The solar asset class provides rich ground for investors seeking compelling risk-adjusted returns. With respect to real estate and other infrastructure, solar project investments compare favorably from both a risk and returns perspective.
Significant customer demand and falling costs continue to drive the expansion of the solar asset class. In 2018, there were around 109,000 megawatts of solar installed worldwide, with 14,000 megawatts of that capacity installed in the United States. Looking ahead, we still see a tremendous pipeline and significant investor demand. Globally, solar will become one of the dominant sources of new electricity generation, and solar and wind are expected to provide 50 percent of all electricity in the world by 2050: a roughly $10 trillion market.
Solar assets within the United States are especially attractive for investors because they are dollar-denominated, real assets, non-correlated to the stock market, and are also relatively inflation-insulated.
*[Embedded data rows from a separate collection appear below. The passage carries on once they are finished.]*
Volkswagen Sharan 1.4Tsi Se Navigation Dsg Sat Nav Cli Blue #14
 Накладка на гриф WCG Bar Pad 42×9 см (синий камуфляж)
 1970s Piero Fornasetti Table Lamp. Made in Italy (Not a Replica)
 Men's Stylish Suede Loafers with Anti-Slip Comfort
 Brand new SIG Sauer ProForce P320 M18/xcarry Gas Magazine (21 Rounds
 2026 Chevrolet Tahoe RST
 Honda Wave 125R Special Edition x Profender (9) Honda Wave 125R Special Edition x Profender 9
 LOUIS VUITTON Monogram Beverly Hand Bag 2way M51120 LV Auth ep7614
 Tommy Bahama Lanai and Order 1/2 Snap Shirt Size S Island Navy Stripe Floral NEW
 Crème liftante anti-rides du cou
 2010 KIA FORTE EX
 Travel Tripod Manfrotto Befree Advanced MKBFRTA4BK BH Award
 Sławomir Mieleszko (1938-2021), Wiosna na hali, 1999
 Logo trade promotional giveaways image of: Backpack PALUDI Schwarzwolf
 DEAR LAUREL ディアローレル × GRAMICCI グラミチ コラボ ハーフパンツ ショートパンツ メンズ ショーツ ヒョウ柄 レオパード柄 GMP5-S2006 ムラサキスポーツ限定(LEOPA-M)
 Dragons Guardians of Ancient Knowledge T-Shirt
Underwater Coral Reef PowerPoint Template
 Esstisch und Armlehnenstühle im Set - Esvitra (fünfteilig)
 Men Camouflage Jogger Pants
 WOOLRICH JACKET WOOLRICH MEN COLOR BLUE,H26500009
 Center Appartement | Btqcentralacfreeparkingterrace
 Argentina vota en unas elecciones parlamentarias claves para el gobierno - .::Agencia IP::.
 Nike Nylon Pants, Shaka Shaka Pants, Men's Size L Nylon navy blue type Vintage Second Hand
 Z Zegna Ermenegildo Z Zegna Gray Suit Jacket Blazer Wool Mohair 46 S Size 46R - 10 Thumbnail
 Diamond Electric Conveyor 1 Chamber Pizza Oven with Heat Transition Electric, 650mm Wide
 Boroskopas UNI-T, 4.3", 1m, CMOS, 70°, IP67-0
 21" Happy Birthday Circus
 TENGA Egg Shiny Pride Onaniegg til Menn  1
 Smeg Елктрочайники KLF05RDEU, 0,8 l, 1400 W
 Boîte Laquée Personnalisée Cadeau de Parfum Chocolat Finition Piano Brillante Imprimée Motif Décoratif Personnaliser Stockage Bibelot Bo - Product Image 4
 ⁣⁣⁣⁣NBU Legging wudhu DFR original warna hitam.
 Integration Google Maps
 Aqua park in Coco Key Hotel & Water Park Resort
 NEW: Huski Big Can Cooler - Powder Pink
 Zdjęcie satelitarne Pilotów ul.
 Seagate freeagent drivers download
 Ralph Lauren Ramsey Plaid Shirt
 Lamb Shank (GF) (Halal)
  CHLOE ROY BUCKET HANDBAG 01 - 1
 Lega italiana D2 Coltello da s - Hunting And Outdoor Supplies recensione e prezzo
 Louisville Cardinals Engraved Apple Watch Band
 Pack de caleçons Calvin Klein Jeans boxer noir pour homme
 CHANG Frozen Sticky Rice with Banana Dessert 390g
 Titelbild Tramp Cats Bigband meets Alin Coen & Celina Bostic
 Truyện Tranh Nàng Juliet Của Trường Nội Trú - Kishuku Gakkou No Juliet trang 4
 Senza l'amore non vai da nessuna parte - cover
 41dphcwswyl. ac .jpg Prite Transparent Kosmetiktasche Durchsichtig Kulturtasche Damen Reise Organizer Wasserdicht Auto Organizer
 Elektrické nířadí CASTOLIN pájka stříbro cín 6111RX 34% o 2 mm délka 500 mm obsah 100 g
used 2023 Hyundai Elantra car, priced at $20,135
Europe and Asia also have specific requirements for banks to invest in renewable energy, as it reduces their capital set-aside requirements. Many sovereign wealth funds and multilateral banks have a mandate to invest in renewables. As such, there continues to be a number of new investors in the market from Japan, Europe, the Middle East and China.
Amidst a shifting landscape in 2020, the solar industry remains a growing multibillion-dollar market for investors, customers, and entrepreneurs. But it is also a complex one. New investors and developers must be strategic with how they approach the market.